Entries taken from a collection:
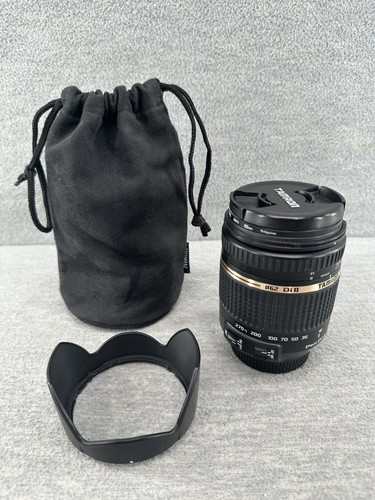 Tamron b008 ii18 270mm - tamron, di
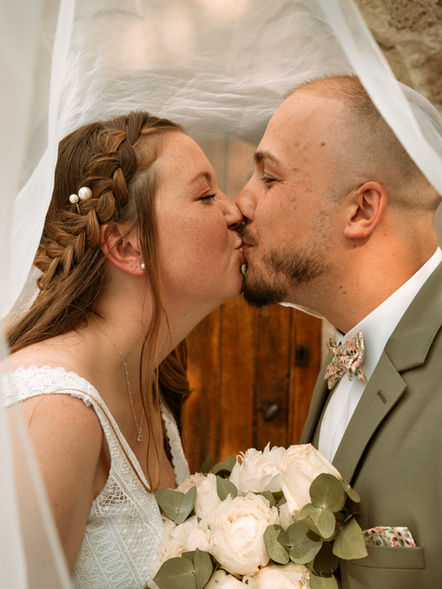 Mariage de Tiphaine et Corentin 18 mai 2024, Jaillans, Drôme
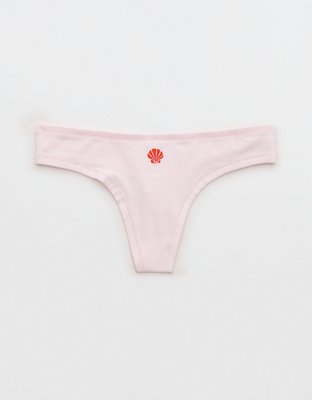 Superchill Cotton Thong Underwear
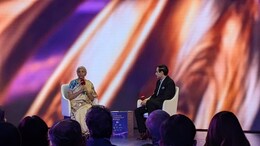 NDTV Profit Business Leadership Awards 2026: Nirmala Sitharaman Flags El Nino, Water Stress As New Inflation Risks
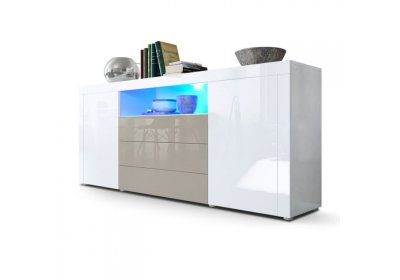 Комод Глянец Люкс 6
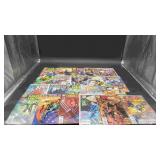 21 Amalgam Comics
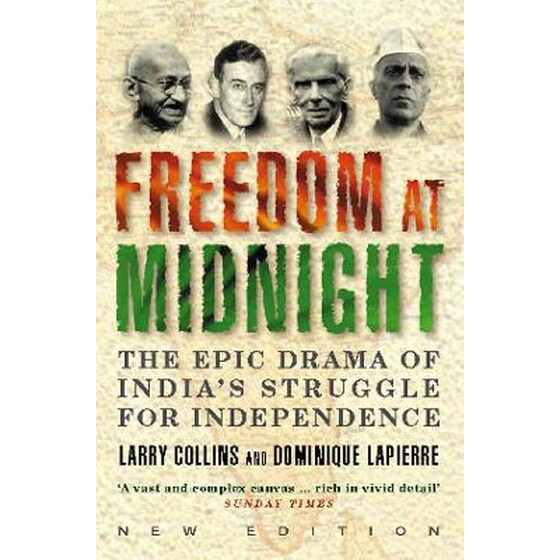 Freedom at Midnight image 0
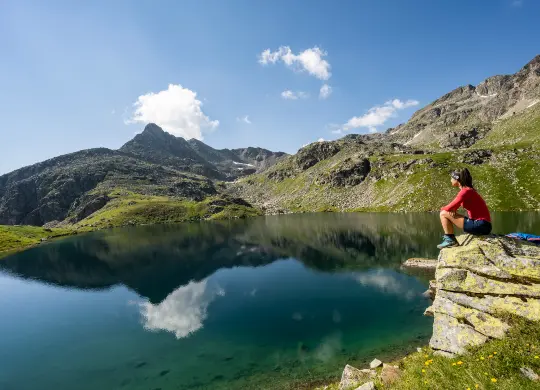 Auf Klassenfahrt mit HEROLÉ: Tolle Landschaft in Kärnten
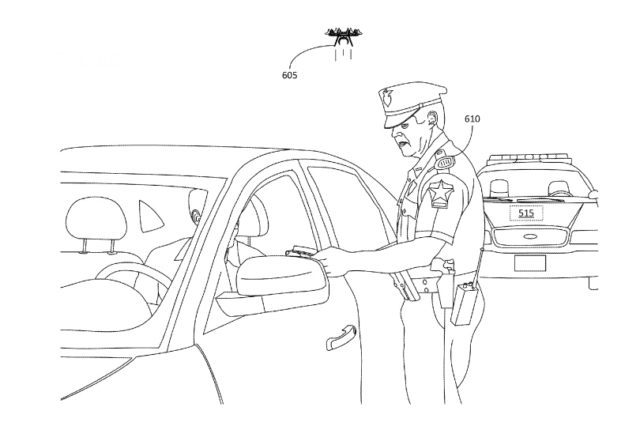 cop-drone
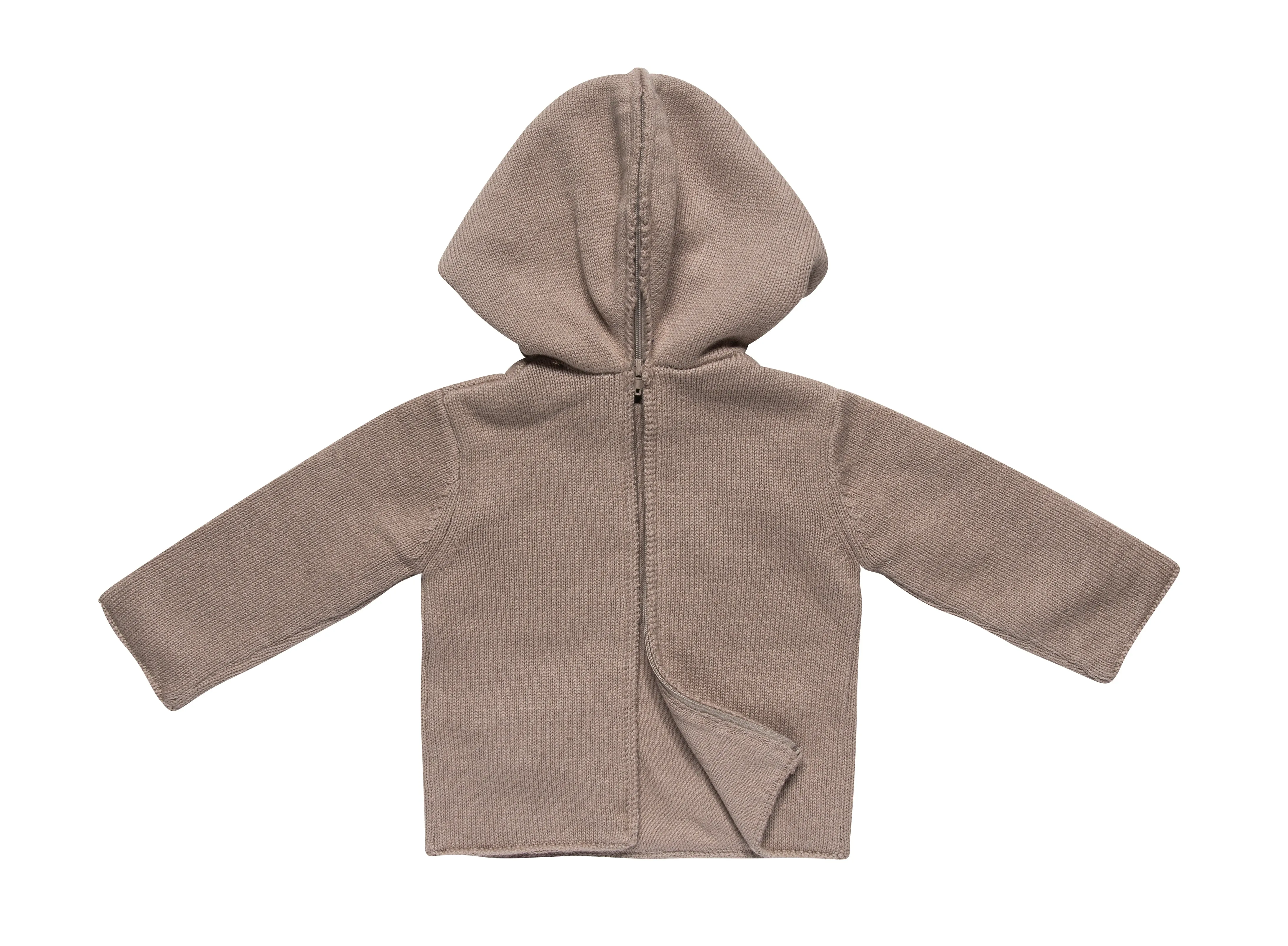 Baby coat beige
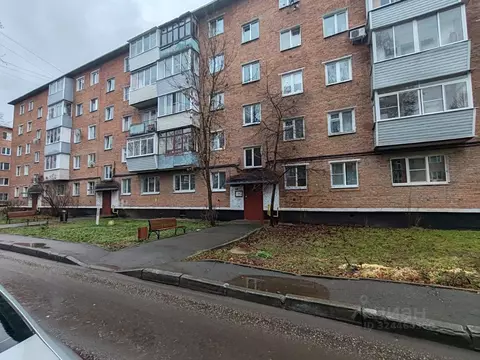 1-к кв. Московская область, Ступино Первомайская ул., 51 (31.0 м)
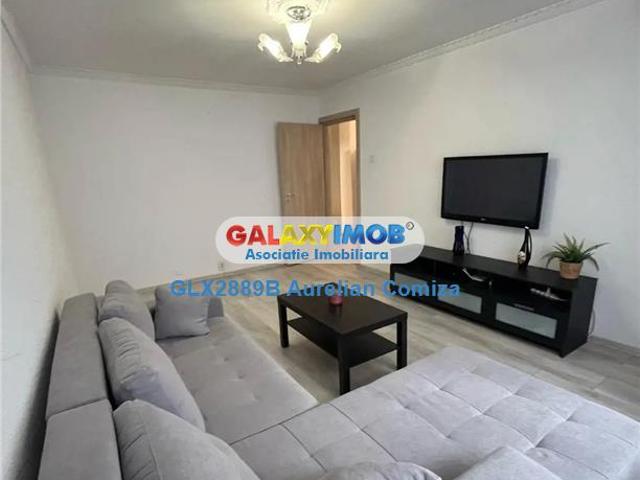 apartament 2 camere baneasa renovat complet/parcare proprie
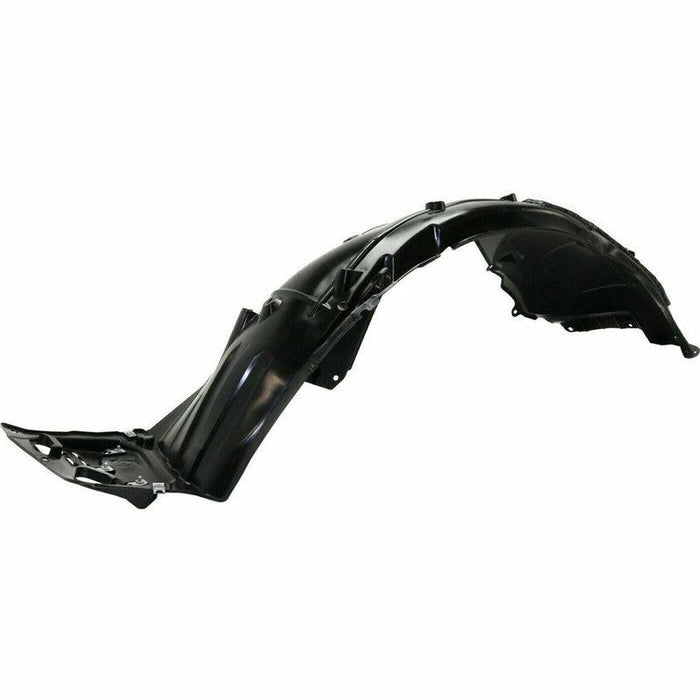 2016-2018 Honda Civic Coupe Front Driver Side Fender Liner Touring Model - HO1248161-Partify-Painted-Replacement-Body-Parts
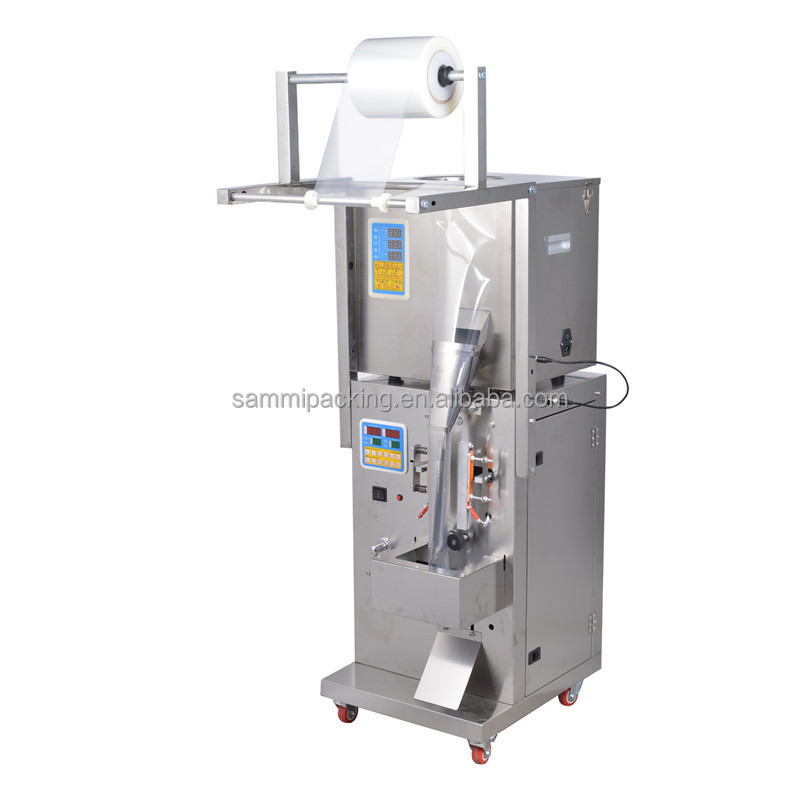 Máquina de Embalagem Multifuncional para Pipoca, Salgadinhos, Batatas Fritas, Nozes e Farinha, Totalmente Automática, com o Melhor Preço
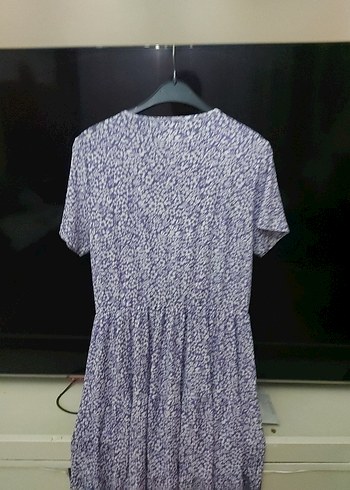 trendyol çiçekli elbise - Görsel 5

Problem
An exact retyping of each record, with no pictures, is the answer required.

Written response
 Tamron b008 ii18 270mm - tamron, di
 Mariage de Tiphaine et Corentin 18 mai 2024, Jaillans, Drôme
 Superchill Cotton Thong Underwear
 NDTV Profit Business Leadership Awards 2026: Nirmala Sitharaman Flags El Nino, Water Stress As New Inflation Risks
 Комод Глянец Люкс 6
 21 Amalgam Comics
 Freedom at Midnight image 0
 Auf Klassenfahrt mit HEROLÉ: Tolle Landschaft in Kärnten
 cop-drone
 Baby coat beige
 1-к кв. Московская область, Ступино Первомайская ул., 51 (31.0 м)
 apartament 2 camere baneasa renovat complet/parcare proprie
 2016-2018 Honda Civic Coupe Front Driver Side Fender Liner Touring Model - HO1248161-Partify-Painted-Replacement-Body-Parts
 Máquina de Embalagem Multifuncional para Pipoca, Salgadinhos, Batatas Fritas, Nozes e Farinha, Totalmente Automática, com o Melhor Preço
 trendyol çiçekli elbise - Görsel 5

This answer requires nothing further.